*** Source records

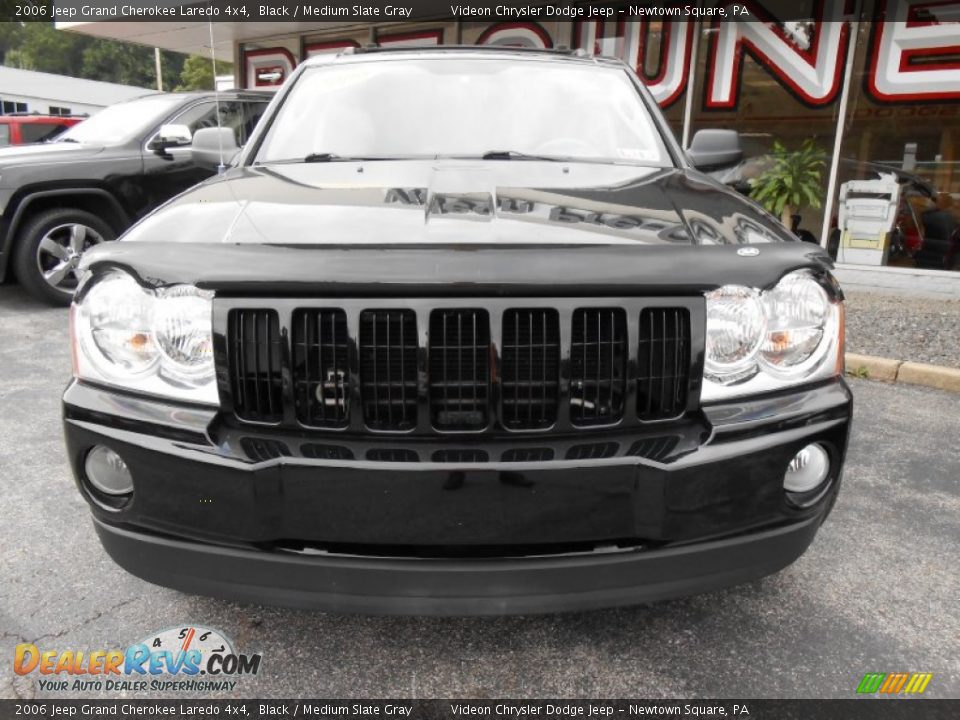 2006 Jeep Grand Cherokee Laredo 4x4 Black / Medium Slate Gray Photo #2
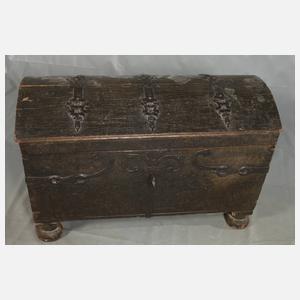 Runddeckeltruhe barock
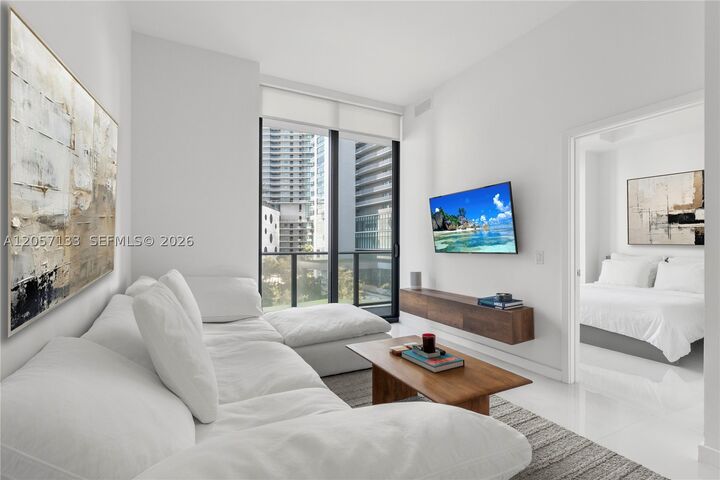 Property Photo: 501 NE 31st St 203 FL 33137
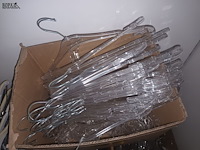 Lot 61 - lot kleerhangers - afbeelding 3 van  4
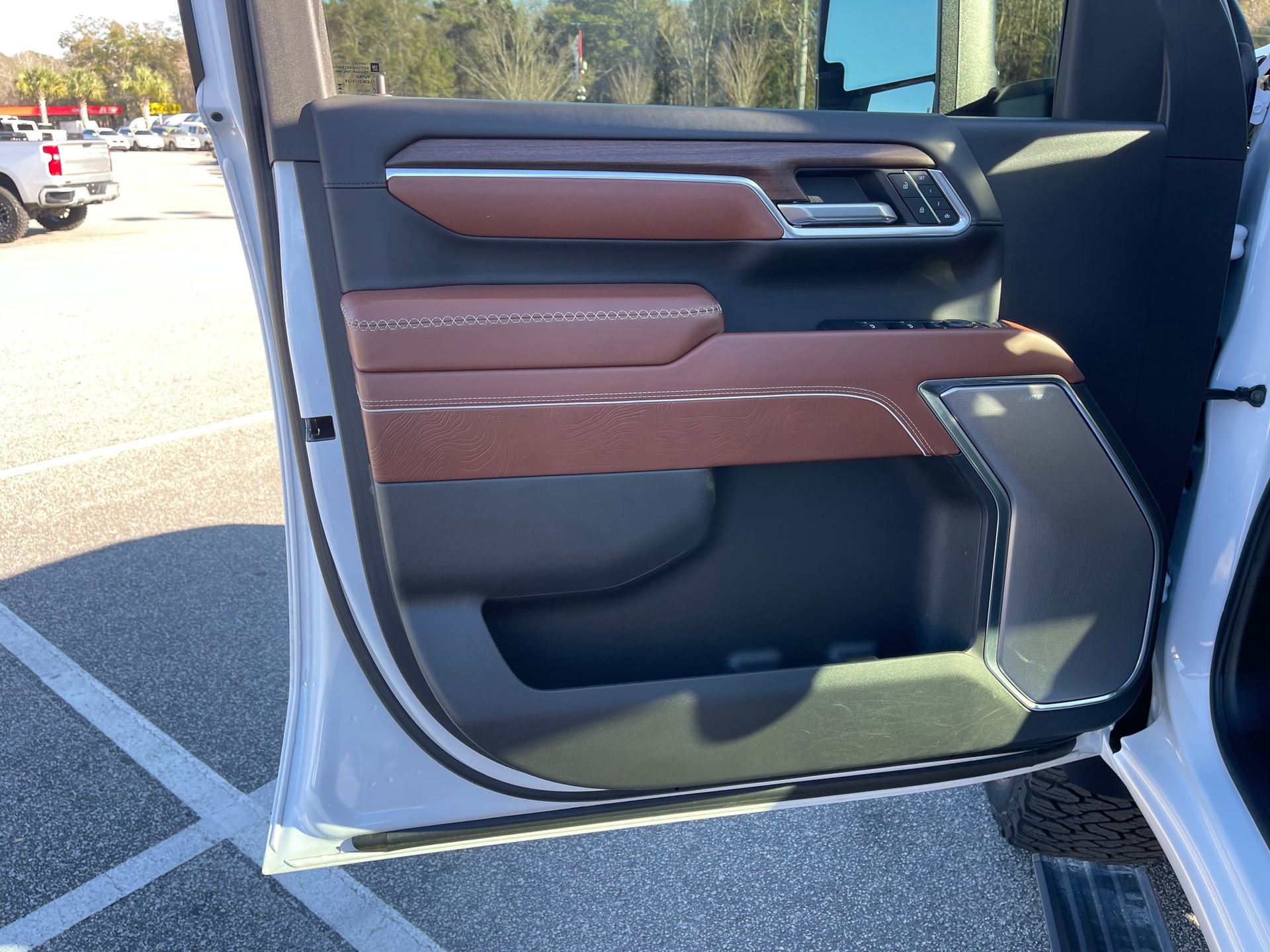 Used 2025 GMC Sierra 2500 Denali Ultimate image 11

******

To do – Your answer must be the lines from the one containing "Runddeckeltruhe barock" through the final line of the entries, duplicated exactly, with both ends kept and all pictures left out.

Output of the task –
 Runddeckeltruhe barock
 Property Photo: 501 NE 31st St 203 FL 33137
 Lot 61 - lot kleerhangers - afbeelding 3 van  4
 Used 2025 GMC Sierra 2500 Denali Ultimate image 11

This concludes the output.